■ What you will do
Copy the first line of the entries below and every line after it through the line containing "壳牌 劲霸K4 15W-40 CK-4 柴油发动机油 18L". Do not include pictures.

━━━ The data

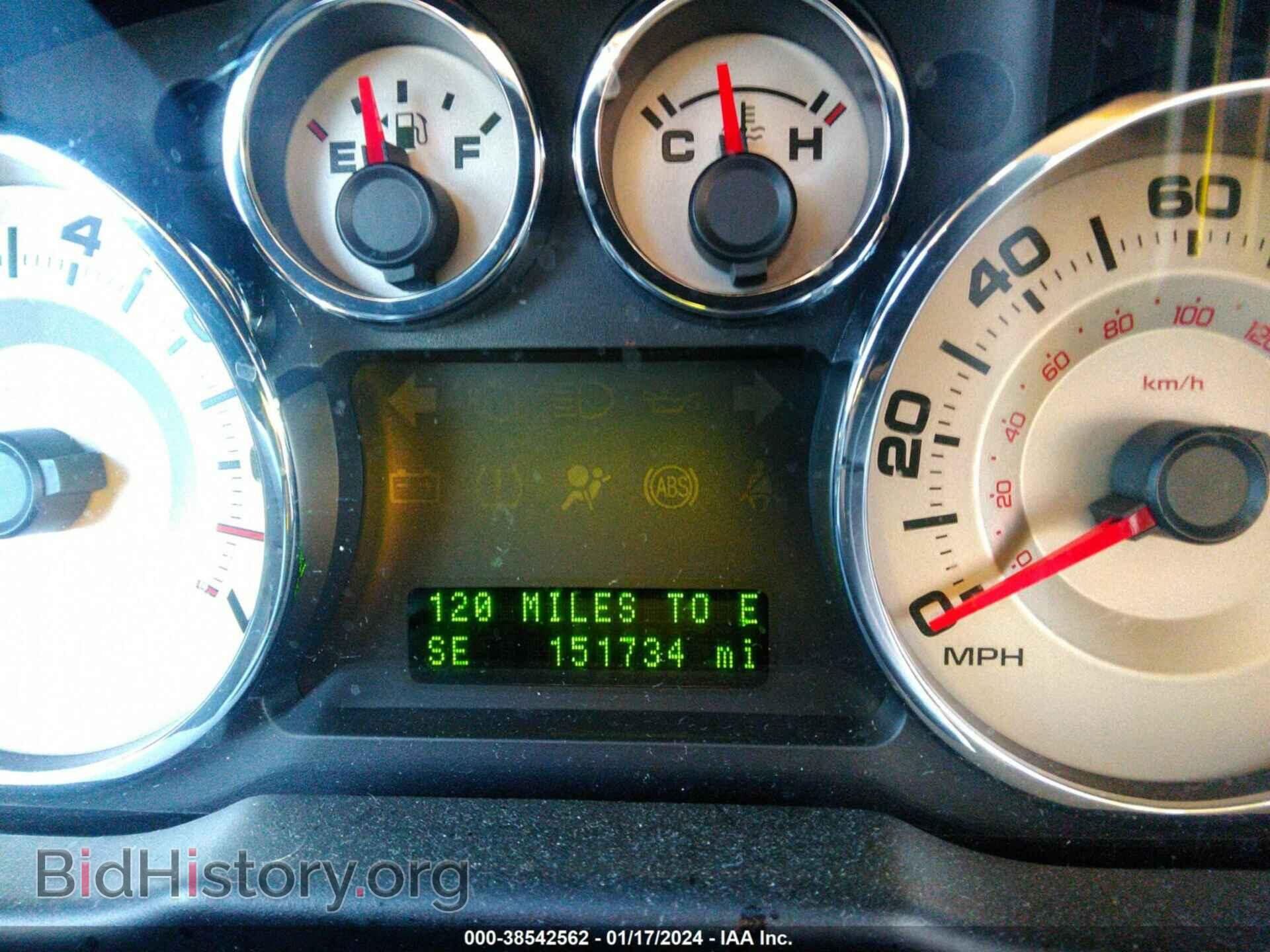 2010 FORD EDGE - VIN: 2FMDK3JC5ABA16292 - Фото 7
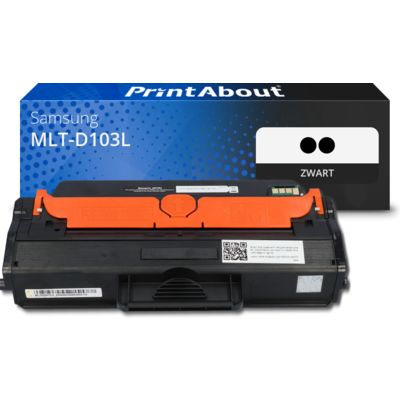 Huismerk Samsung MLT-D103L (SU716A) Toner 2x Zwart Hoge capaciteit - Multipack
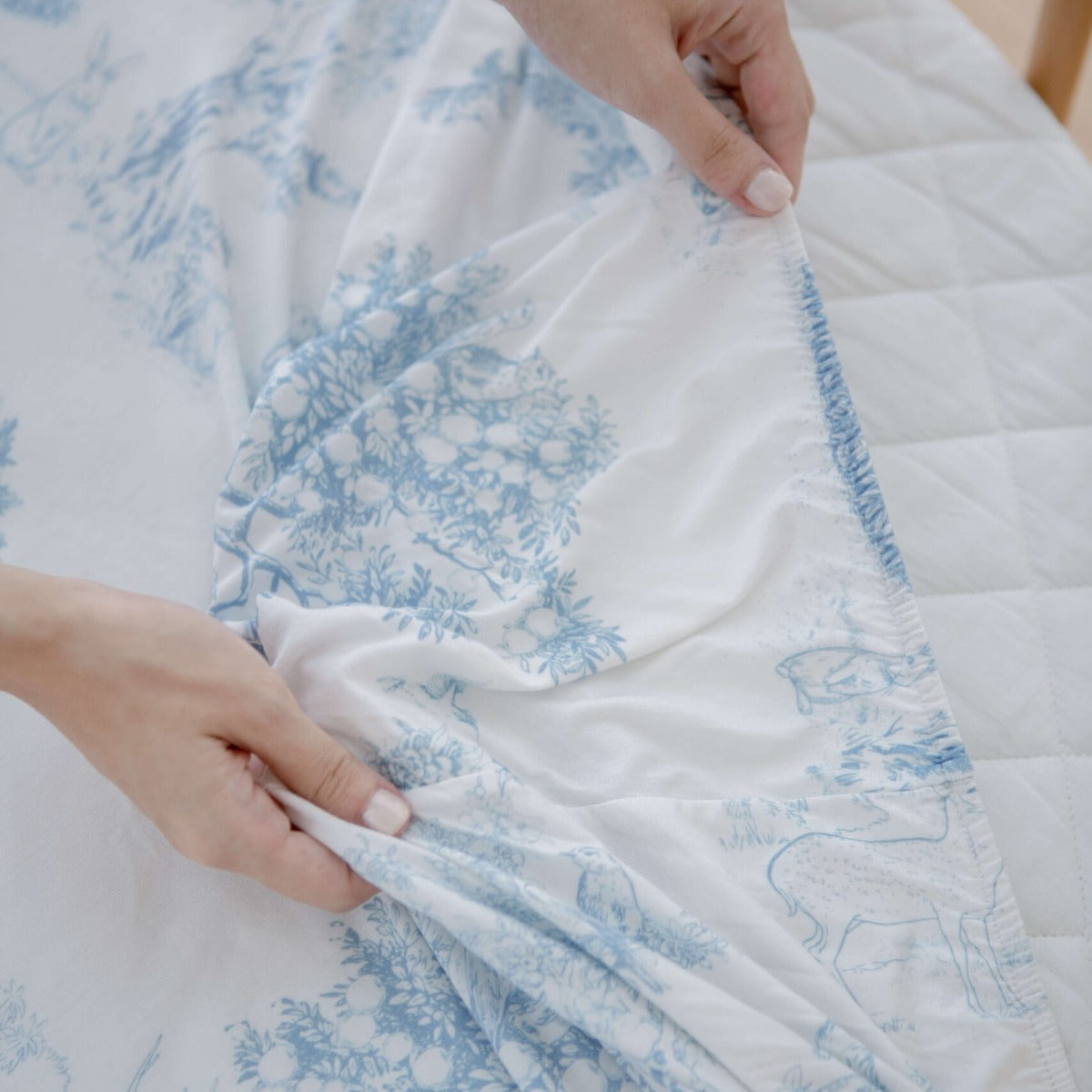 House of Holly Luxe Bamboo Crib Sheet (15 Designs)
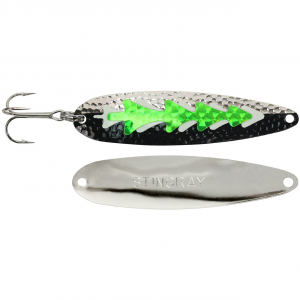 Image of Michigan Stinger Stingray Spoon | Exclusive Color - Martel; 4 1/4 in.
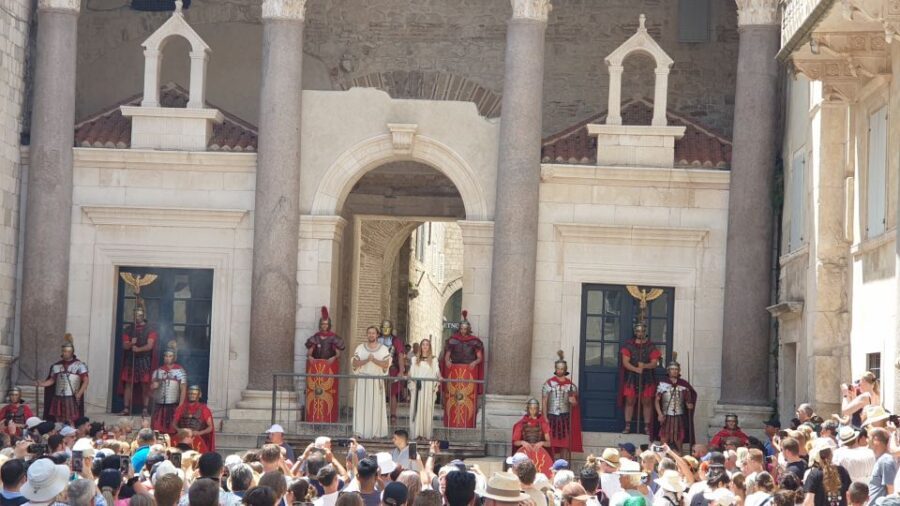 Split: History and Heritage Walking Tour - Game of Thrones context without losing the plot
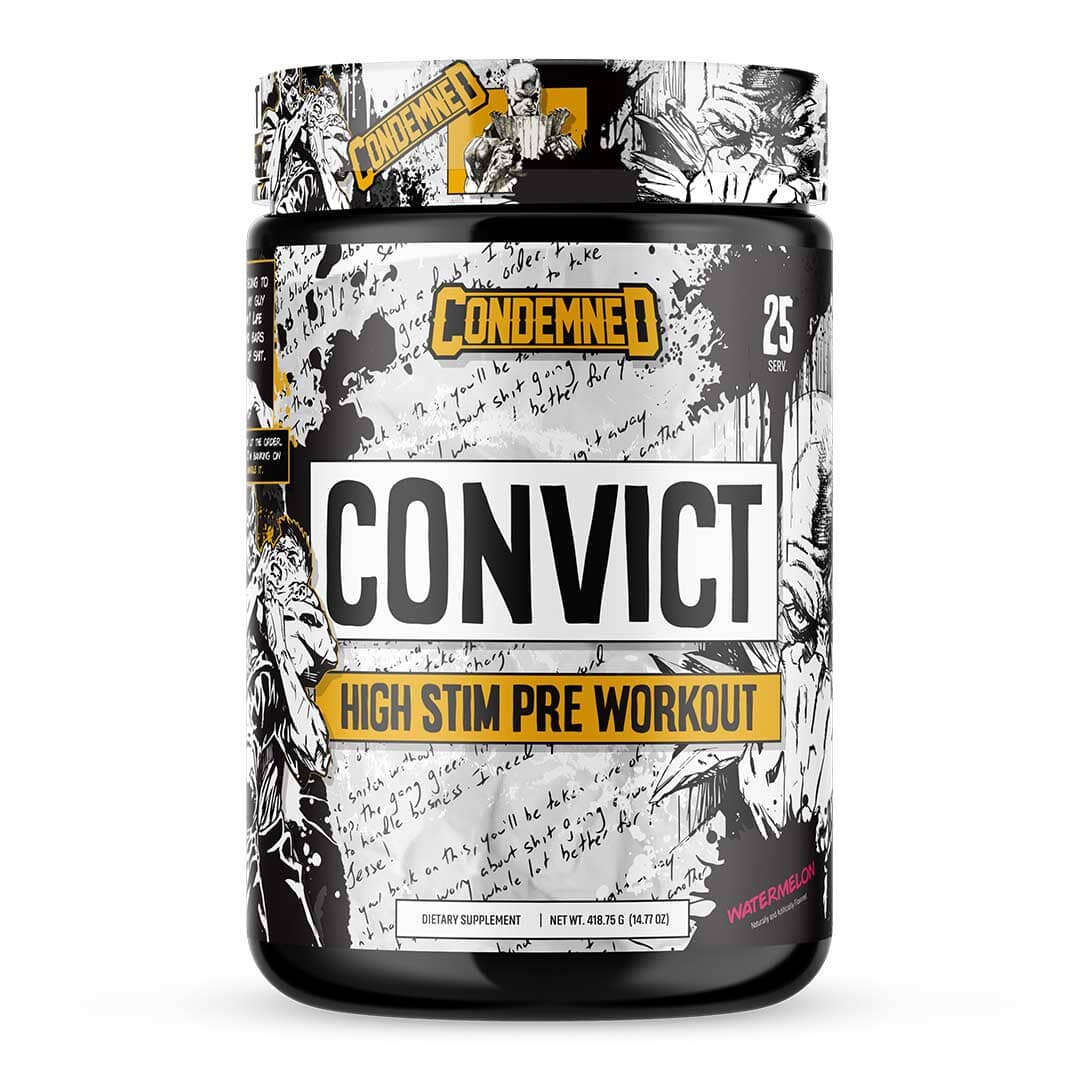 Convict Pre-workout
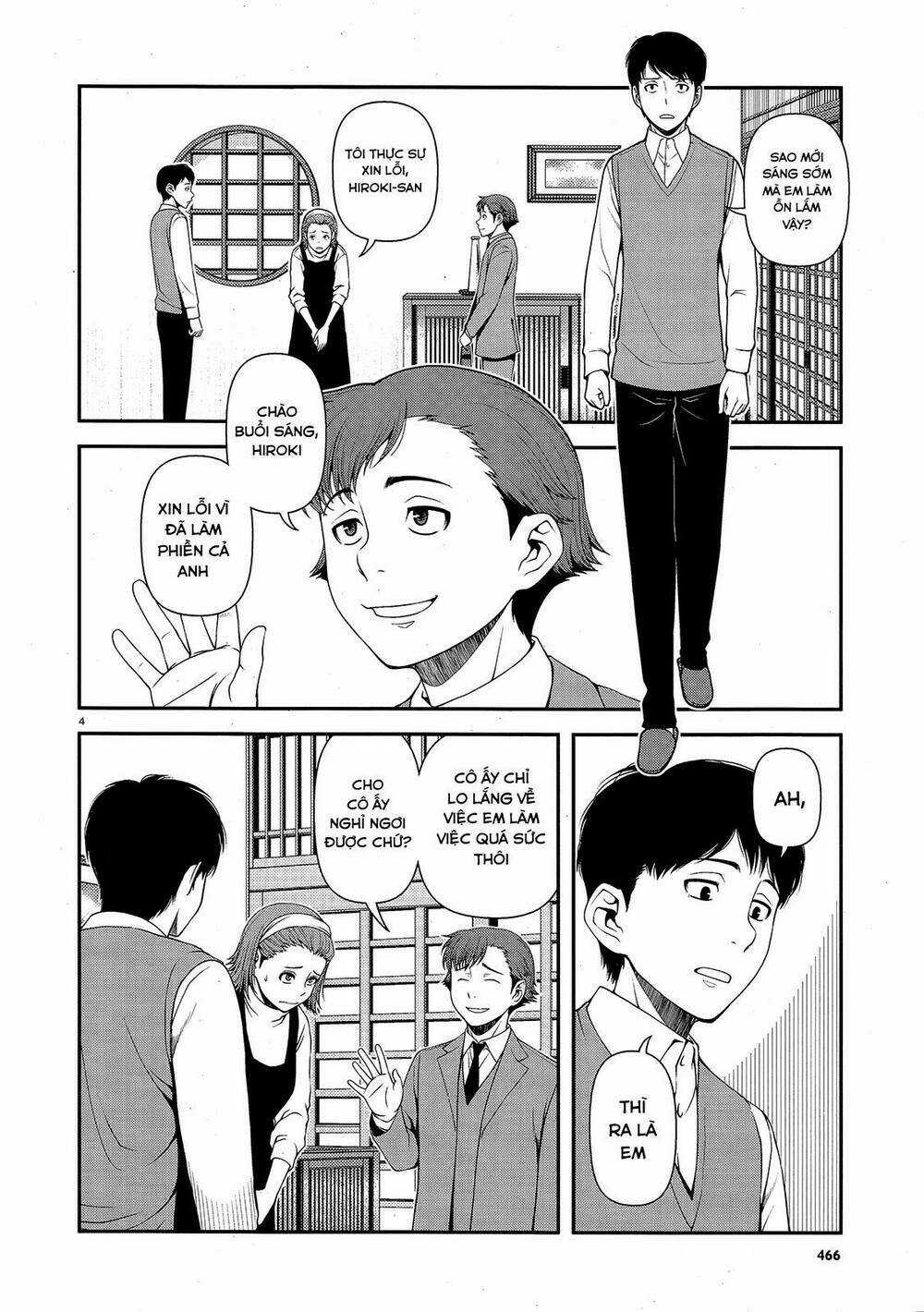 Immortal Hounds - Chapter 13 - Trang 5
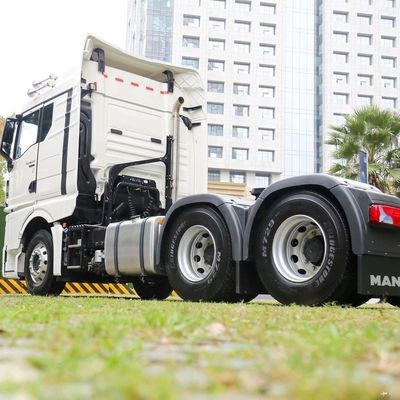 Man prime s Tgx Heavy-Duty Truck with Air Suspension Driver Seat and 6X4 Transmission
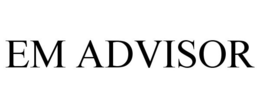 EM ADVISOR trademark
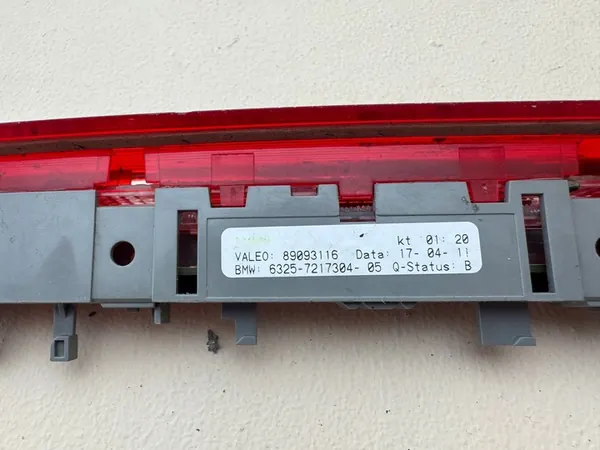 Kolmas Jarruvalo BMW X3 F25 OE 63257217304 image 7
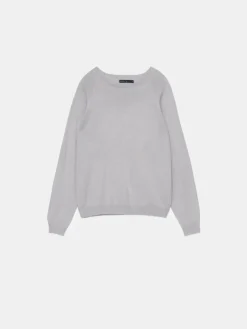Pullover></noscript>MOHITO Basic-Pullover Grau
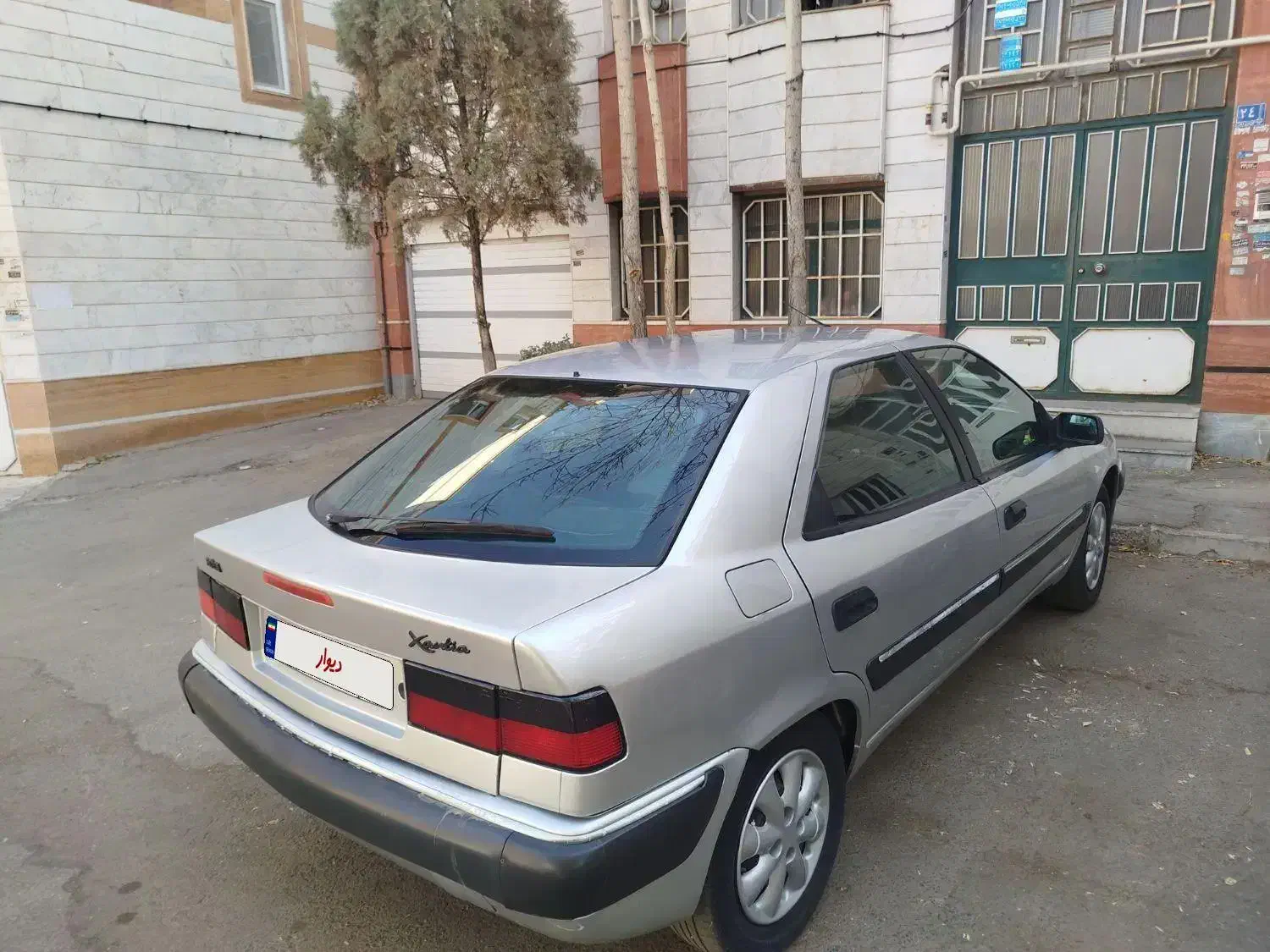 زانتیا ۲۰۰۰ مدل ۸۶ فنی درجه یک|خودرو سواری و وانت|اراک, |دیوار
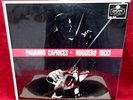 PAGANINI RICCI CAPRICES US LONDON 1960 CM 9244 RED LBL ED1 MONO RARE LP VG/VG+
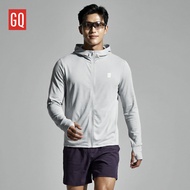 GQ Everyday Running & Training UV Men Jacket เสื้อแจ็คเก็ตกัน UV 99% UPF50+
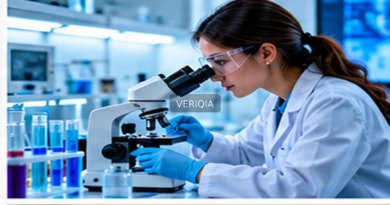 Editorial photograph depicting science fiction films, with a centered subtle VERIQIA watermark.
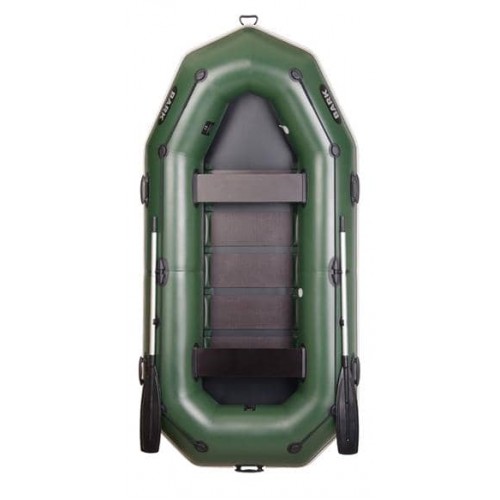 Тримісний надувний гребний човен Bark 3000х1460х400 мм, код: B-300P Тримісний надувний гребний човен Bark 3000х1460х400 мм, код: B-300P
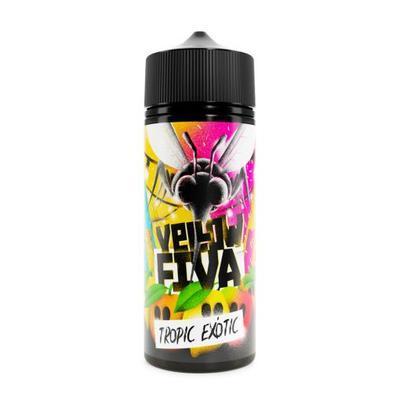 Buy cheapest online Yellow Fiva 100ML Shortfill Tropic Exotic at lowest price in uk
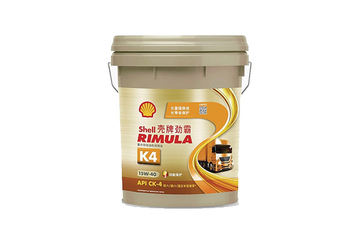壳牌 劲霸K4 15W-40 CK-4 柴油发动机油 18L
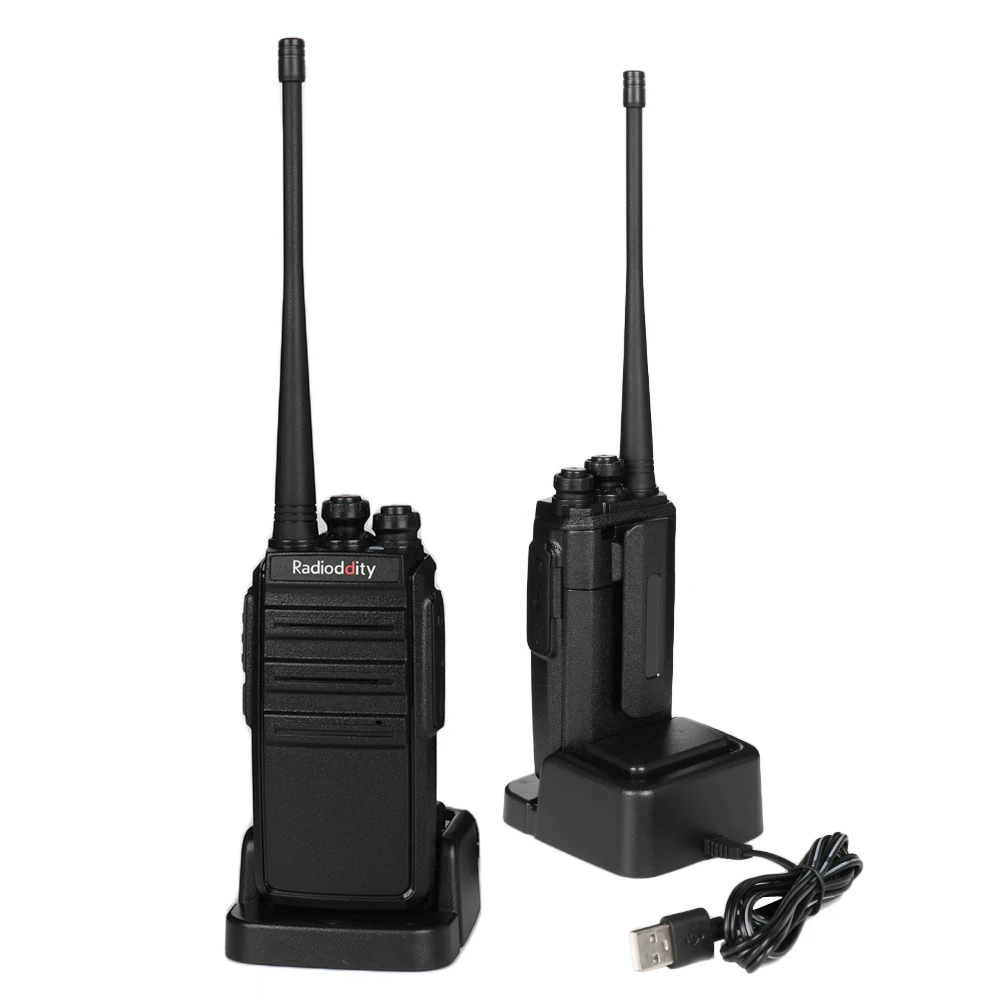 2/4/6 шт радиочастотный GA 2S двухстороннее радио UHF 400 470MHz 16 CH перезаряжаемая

━━━━━━

■ Solved exercise
 2010 FORD EDGE - VIN: 2FMDK3JC5ABA16292 - Фото 7
 Huismerk Samsung MLT-D103L (SU716A) Toner 2x Zwart Hoge capaciteit - Multipack
 House of Holly Luxe Bamboo Crib Sheet (15 Designs)
 Image of Michigan Stinger Stingray Spoon | Exclusive Color - Martel; 4 1/4 in.
 Split: History and Heritage Walking Tour - Game of Thrones context without losing the plot
 Convict Pre-workout
 Immortal Hounds - Chapter 13 - Trang 5
 Man prime s Tgx Heavy-Duty Truck with Air Suspension Driver Seat and 6X4 Transmission
 EM ADVISOR trademark
 Kolmas Jarruvalo BMW X3 F25 OE 63257217304 image 7
Pullover></noscript>MOHITO Basic-Pullover Grau
 زانتیا ۲۰۰۰ مدل ۸۶ فنی درجه یک|خودرو سواری و وانت|اراک, |دیوار
 PAGANINI RICCI CAPRICES US LONDON 1960 CM 9244 RED LBL ED1 MONO RARE LP VG/VG+
 GQ Everyday Running & Training UV Men Jacket เสื้อแจ็คเก็ตกัน UV 99% UPF50+
 Editorial photograph depicting science fiction films, with a centered subtle VERIQIA watermark.
 Тримісний надувний гребний човен Bark 3000х1460х400 мм, код: B-300P Тримісний надувний гребний човен Bark 3000х1460х400 мм, код: B-300P
 Buy cheapest online Yellow Fiva 100ML Shortfill Tropic Exotic at lowest price in uk
壳牌 劲霸K4 15W-40 CK-4 柴油发动机油 18L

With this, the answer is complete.